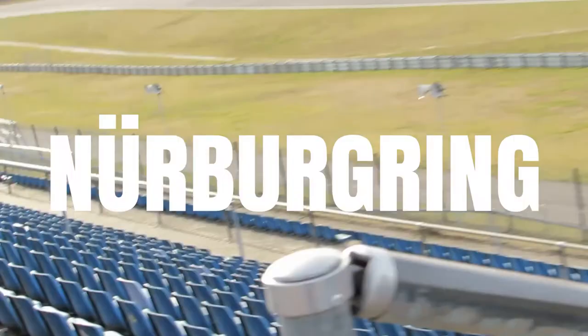Hey, I'm Louis Foster and I'm going to be taking you behind the scenes of this year's Euroformula testing.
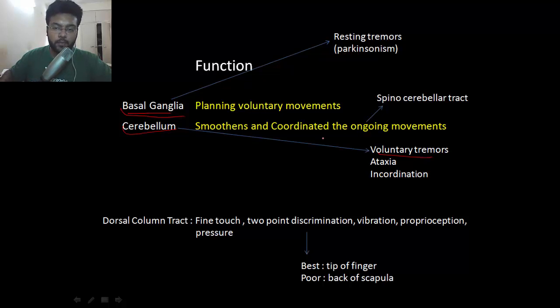In cerebellum lesion, tremors occur while doing something. You'll also have ataxia and incoordination. The spinocerebellar tract sends proprioception from the lower limb to the cerebellum, helping in smooth and coordinated movement. Another important tract is the dorsal column tract, which carries fine touch and helps in two-point discrimination, vibration, proprioception, and pressure.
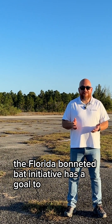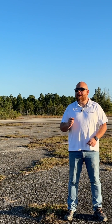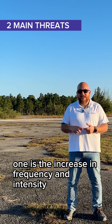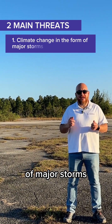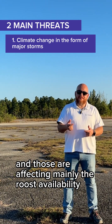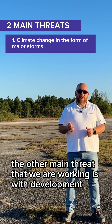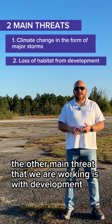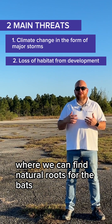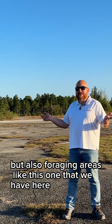The Florida Bonneted Bat Initiative has a goal to recover and conserve the Florida Bonneted Bat. We're working on the two main threats: one is the increase in frequency and intensity of major storms like hurricanes, which mainly affect roost availability across the range. The other main threat is development, which affects natural areas with trees where natural roosts are found, as well as foraging areas like the one we have here.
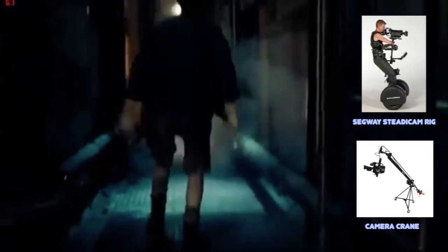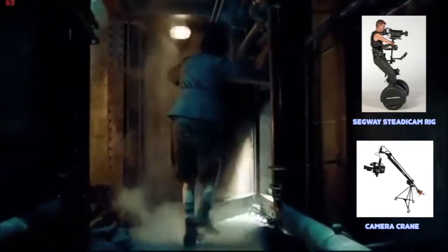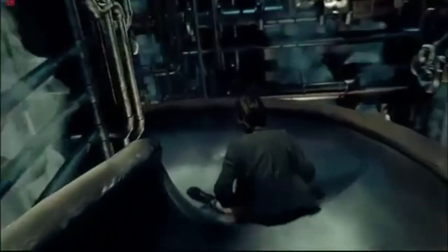It seems like it has been filmed in one take, but it is actually multiple shots filmed using lots of different equipment. This tracking shot helps immerse the audience in the film world as we closely follow Hugo as he goes through the clock tower.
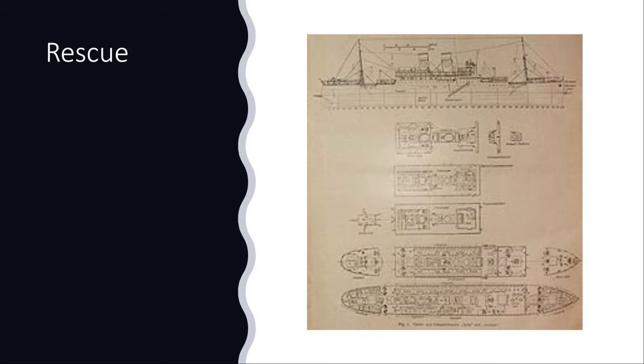Two hours later, at 9:30, a Sunderland flying boat — which I will probably make a video about, as it's involved in more than one WWII sinking story — arrived and dropped supplies for the survivors, including medical supplies and food in waterproof bags. The plane circled until around 1:00 PM, when HMCS St. Laurent arrived and rescued 868 survivors.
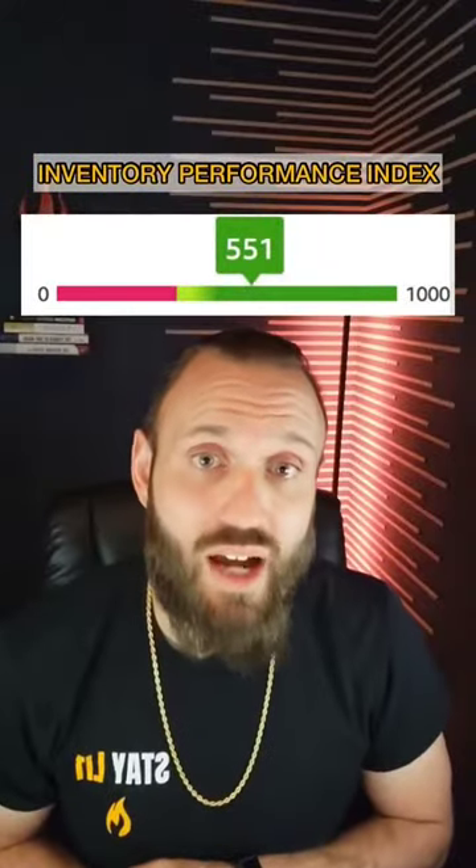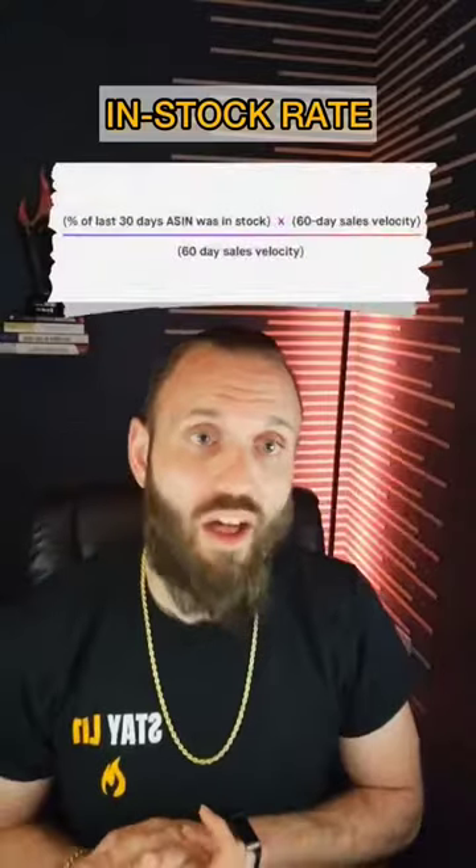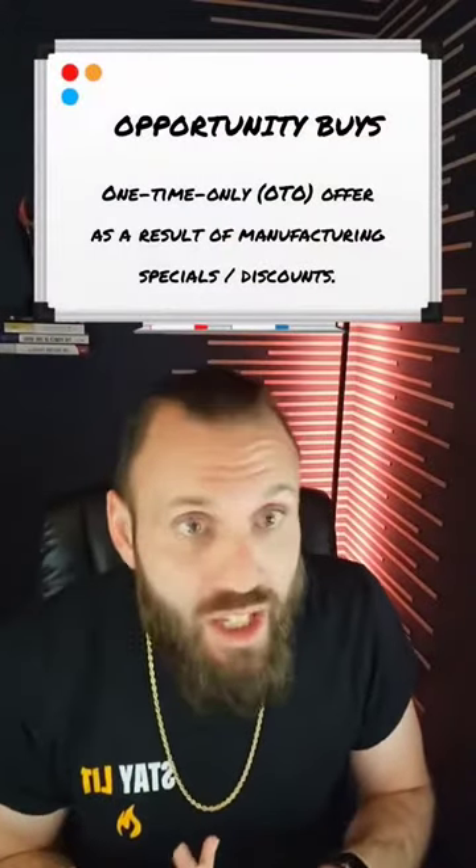The biggest issue with IPI for Amazon wholesale sellers is your in-stock rate, because you get a lot of products that you're not able to replenish. Maybe you got them for a great discount or maybe it's a one-off deal — what we like to call opportunity buys.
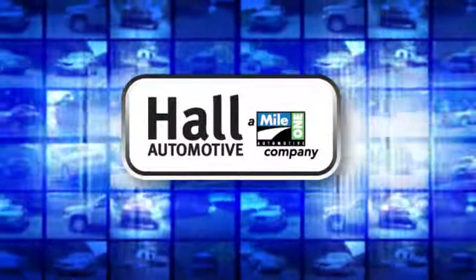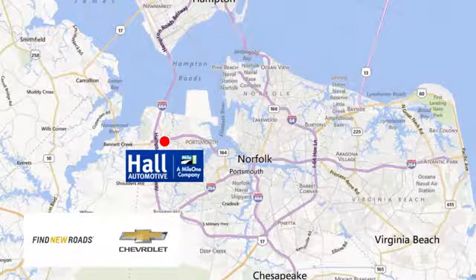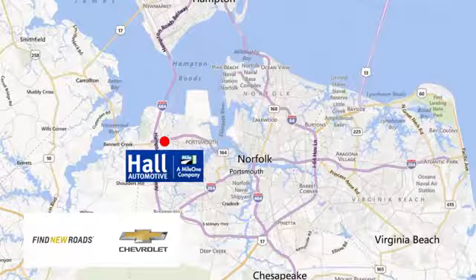Paul Automotive, more cars, great people. Paul Chevrolet Chesapeake, a Mile One company, is minutes off I-264 or I-664. Easy to get to from all of Hampton Roads.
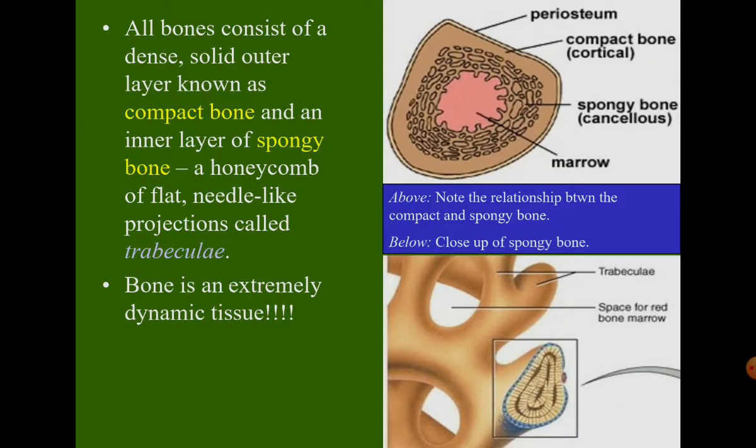All bones consist of a dense solid outer layer known as compact bone and an inner layer of spongy bone. The flat needle-like projections in spongy bone are called trabeculae. When we slice the bone in a transverse section, we can see the covering is the periosteum, then compact bone, then spongy bone, and the marrow. Another term for compact bone is cortical, and spongy bone is also called cancellous.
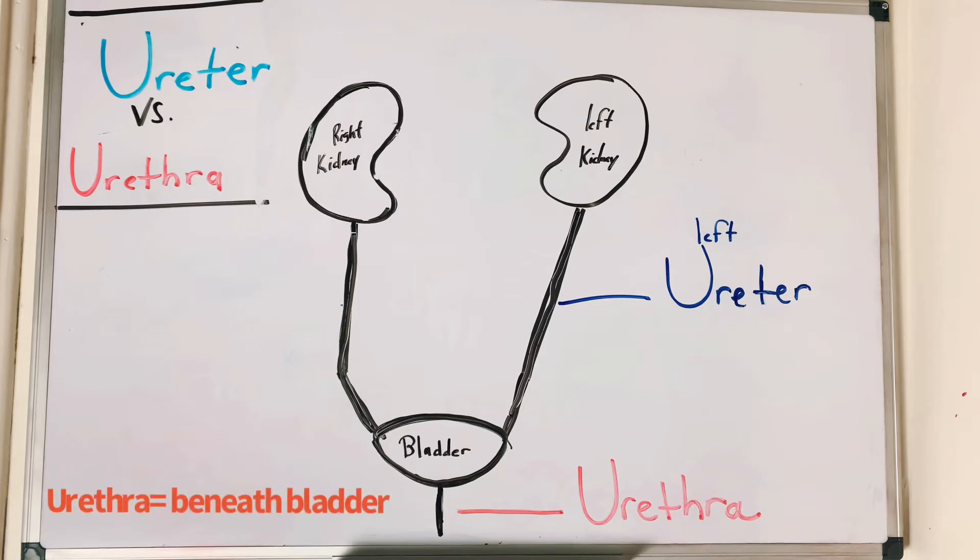One way that helped me — and I'm sharing with you guys — is that urethra ends with an A, and the urethra is closer to the bladder, which also has an A in it. So you can basically coordinate it like that.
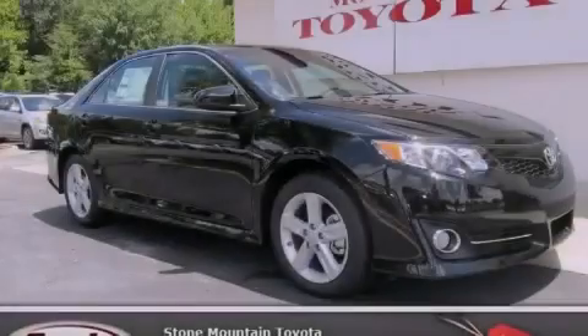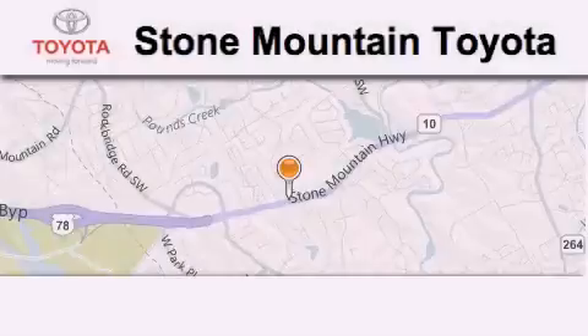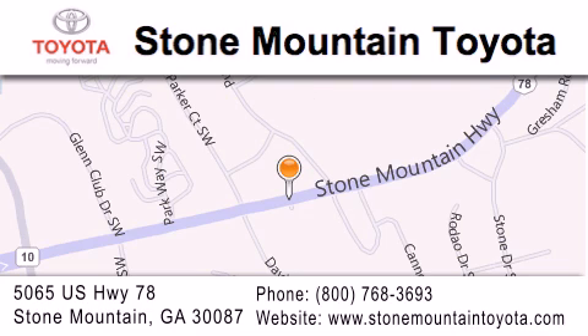Stop by today and test drive this automobile for yourself. Stone Mountain Toyota is located at 5065 U.S. Highway 78 in Stone Mountain. Our goal is to exceed all of your expectations to ensure that you'll return for future visits.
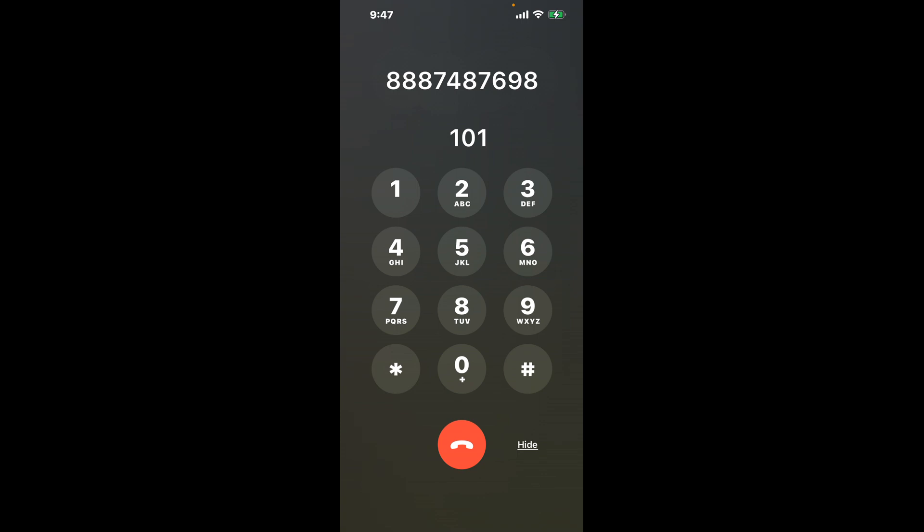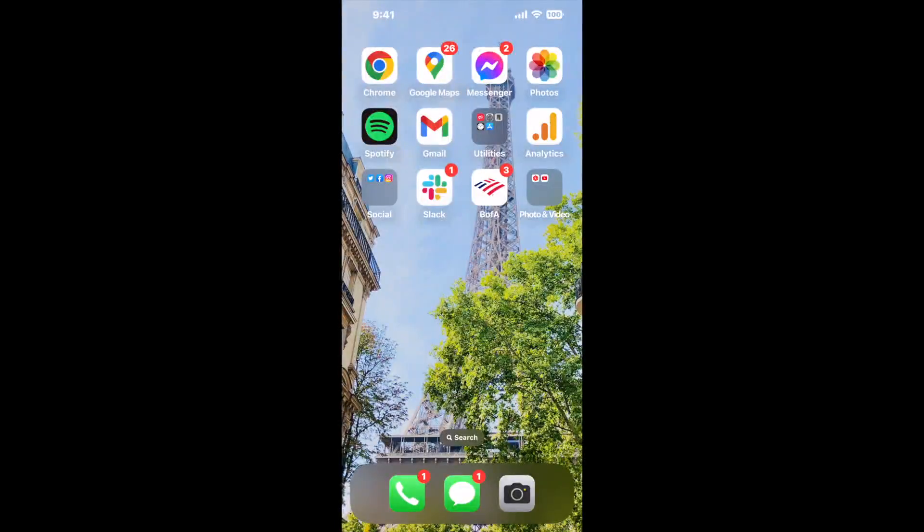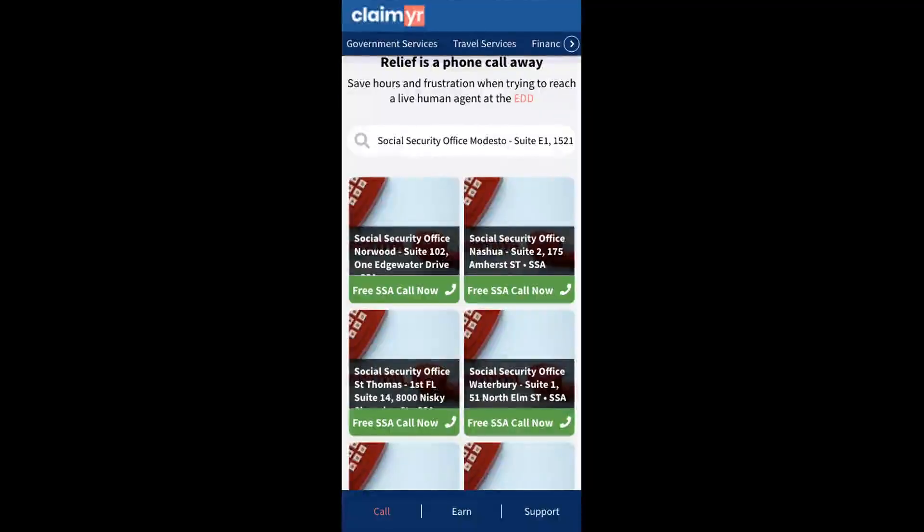The next method is the better way to reach a live person at Social Security Office Modesto, Suite E1, 1521N Carpenter Rd. I built a calling tool. To use it, open up your browser, go to claimer.com, and search for the Social Security Office Modesto, Suite E1, 1521N Carpenter Rd option.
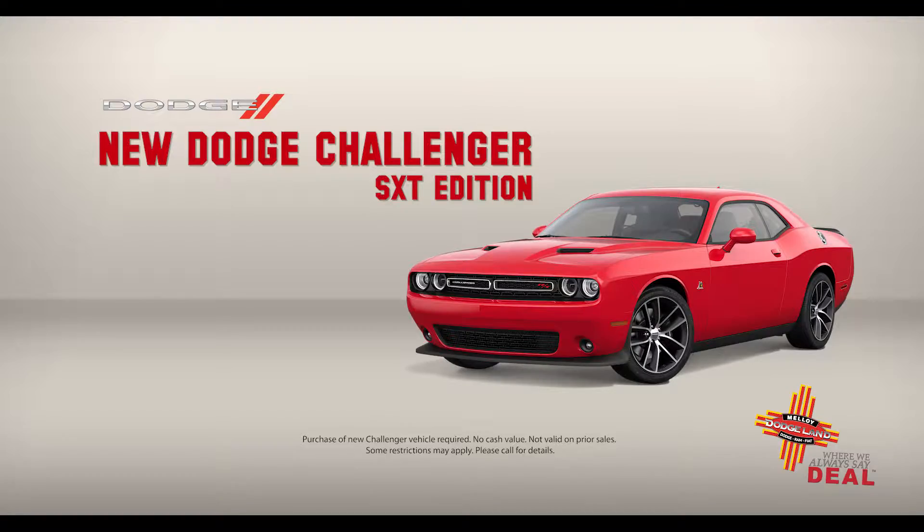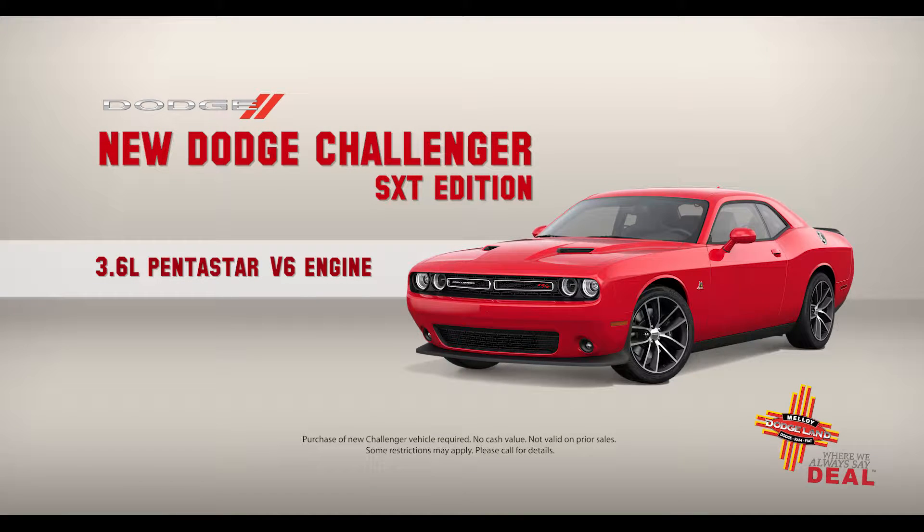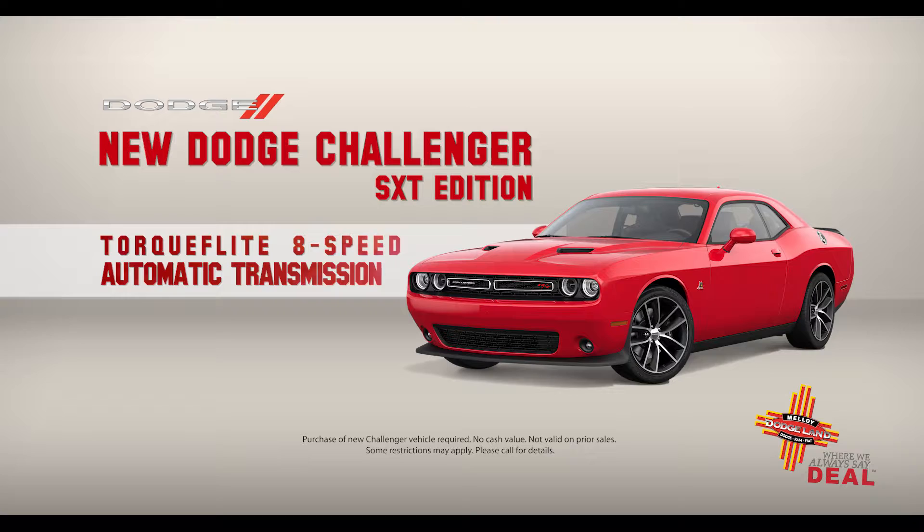Check out our Dodge Challenger SXT. The 3.6 liter Pentastar V6 engine gets up to 30 miles per gallon and has 305 horsepower. The TorqueFlite eight-speed automatic transmission delivers road-ready performance.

**WORK TO BE COMPLETED:** A clean copy is needed of the lines above from the one with "Paul Automotive, more" up to and including the one with "Stop by today". Please set it down exactly, with no pictures.

**REPLY:**
Paul Automotive, more cars, great people. Paul Chevrolet Chesapeake, a Mile One company, is minutes off I-264 or I-664. Easy to get to from all of Hampton Roads.
All bones consist of a dense solid outer layer known as compact bone and an inner layer of spongy bone. The flat needle-like projections in spongy bone are called trabeculae. When we slice the bone in a transverse section, we can see the covering is the periosteum, then compact bone, then spongy bone, and the marrow. Another term for compact bone is cortical, and spongy bone is also called cancellous.
One way that helped me — and I'm sharing with you guys — is that urethra ends with an A, and the urethra is closer to the bladder, which also has an A in it. So you can basically coordinate it like that.
Stop by today and test drive this automobile for yourself. Stone Mountain Toyota is located at 5065 U.S. Highway 78 in Stone Mountain. Our goal is to exceed all of your expectations to ensure that you'll return for future visits.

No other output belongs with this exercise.